Did House Speaker John Boehner (R) of Ohio just suggest that President Obama essentially start a new American land war in Iraq and Syria?

Mr. Boehner might not have gone quite that far in his conversation with ABC's "This Week," which aired Sunday, but he wasn't far off.

With only 34 percent of Americans wanting to send ground troops to fight the Islamic State, according to an NBC News/Wall Street Journal poll from three weeks ago, why would the speaker say that America might have "no choice" but to do just that?

First, he might just be plain speaking his mind.

Boehner prefaced his comments by saying he didn't believe the president's strategy against the Islamic State would work. That plan involves airstrikes in Iraq and Syria, as well as training moderate Syrian rebels to fight the Islamic State on the ground.

Given that the Islamic State has routed US-trained Iraqi forces and that moderate Syrian rebels are neither easy to find nor particularly cohesive, the president's plan has doubters beyond Boehner. Airstrikes simply soften up an enemy, the thinking goes. Someone on the ground has to take advantage.

Boehner doesn't buy that the Iraqi Army and US-trained Syrian rebels will be up to the task.

"Maybe we can get enough of these forces trained to get ‘em on the battlefield. But somebody's boots have to be there," Boehner said.

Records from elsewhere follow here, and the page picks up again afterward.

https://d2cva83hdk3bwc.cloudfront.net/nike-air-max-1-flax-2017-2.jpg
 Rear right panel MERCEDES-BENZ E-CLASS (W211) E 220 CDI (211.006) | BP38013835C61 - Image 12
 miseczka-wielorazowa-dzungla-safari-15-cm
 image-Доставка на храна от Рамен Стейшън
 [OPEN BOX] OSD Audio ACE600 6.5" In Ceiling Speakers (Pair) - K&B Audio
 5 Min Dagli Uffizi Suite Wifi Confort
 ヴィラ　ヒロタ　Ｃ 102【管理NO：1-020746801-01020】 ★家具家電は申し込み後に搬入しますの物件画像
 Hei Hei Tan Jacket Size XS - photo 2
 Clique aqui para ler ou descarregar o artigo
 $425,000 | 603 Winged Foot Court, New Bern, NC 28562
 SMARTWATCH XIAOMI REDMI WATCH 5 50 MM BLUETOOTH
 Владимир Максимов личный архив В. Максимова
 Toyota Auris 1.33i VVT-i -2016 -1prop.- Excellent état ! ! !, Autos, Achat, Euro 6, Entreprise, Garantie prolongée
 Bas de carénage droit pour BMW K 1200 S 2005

And what if no one else steps up, host George Stephanopoulos asked. Should the US step in?

"We have no choice," he said. "These are barbarians. They intend to kill us. And if we don't destroy them first, we're gonna pay the price."

The statement, in many ways, brings the conversation back into the territory of a Bush foreign policy built on deep-seated fears. The lesson neoconservatives took from 9/11 was that they would rather play offense with the American military on Middle East soil than defense with US citizens on American soil.

War fatigue and the failure of another 9/11 to materialize saw the waning of those fears. But new polls suggest the videotaped beheadings of two American journalists by the Islamic States have rekindled them, and with them an apparent sense of inevitability about war.

In that context, Boehner's comments are firmly line with evolving American public opinion.

Another NBC/Wall Street Journal poll from earlier this month found that more Americans say the United States is less safe now than at any point since 9/11 – some 47 percent, compared with 20 percent in 2002. Last year, the figure was 28 percent.

Now, a third NBC/Wall Street Journal poll released Sunday suggests that 72 percent of Americans think Mr. Obama will use ground troops against the Islamic State despite his promises not to do so. The percentage of Americans who support ground troops has also risen to 45 percent, a plurality.

Though experts have argued over the threat that the Islamic State presents to the US homeland, they agree that its use of social media and propaganda has been effective.

"A whopping 94 percent of Americans say they have heard about the news of the beheaded journalists – higher than any other news event the NBC/WSJ poll has measured over the past five years," writes Mark Murray of NBC News.

"Terrorism ... works in similar fashion as good advertising and marketing work," writes Angi English, a graduate of the Naval Postgraduate School Center for Homeland Defense & Security in a commentary on Medium.com. "When an effective social influence campaign is well designed and executed, the audience reacts as desired. Fear is what terrorists are selling...."

Between Boehner's worries that the US must do something decisive and the Obama administration's concern that, without better partners in the Arab world, nothing decisive can be done lies the persistent thorn of American foreign policy: What to do with the Middle East?